**ASSIGNED TASK:** From the line that contains "Pencurian Celana Dalam" down to the final line of the listing below, set down every line exactly, both ends included, and drop the pictures.

**SUPPLIED DATA:**
══════════════════════════════

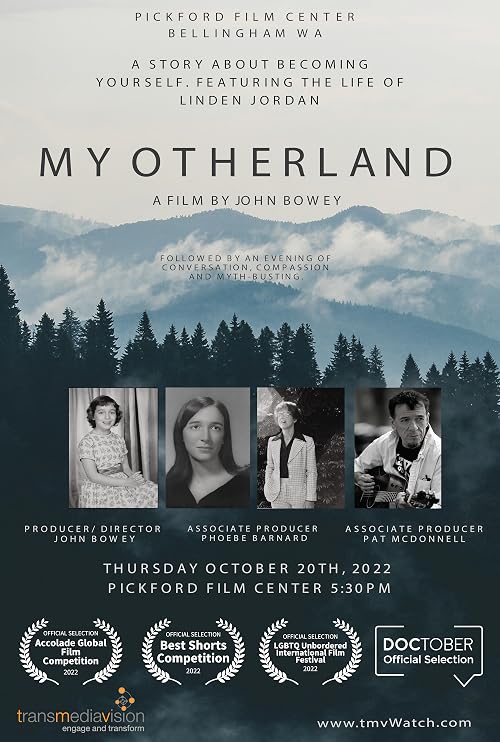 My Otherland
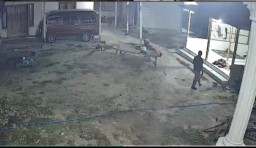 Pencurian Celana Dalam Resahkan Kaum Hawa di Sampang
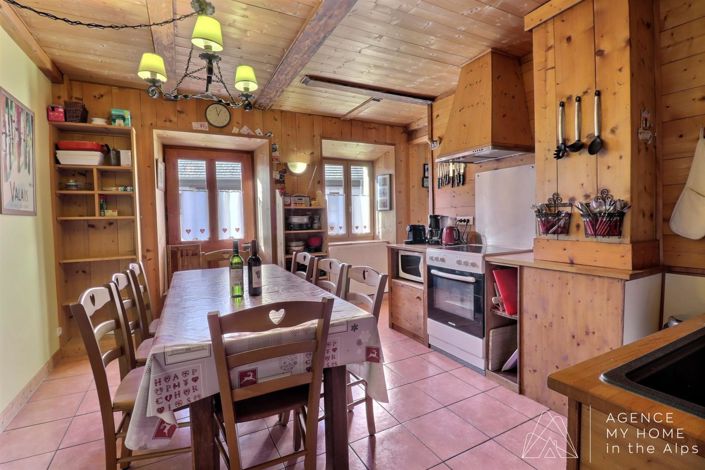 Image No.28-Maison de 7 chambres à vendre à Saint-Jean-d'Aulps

══════════════════════════════

**OUTPUT OF THE EXERCISE:**
 Pencurian Celana Dalam Resahkan Kaum Hawa di Sampang
 Image No.28-Maison de 7 chambres à vendre à Saint-Jean-d'Aulps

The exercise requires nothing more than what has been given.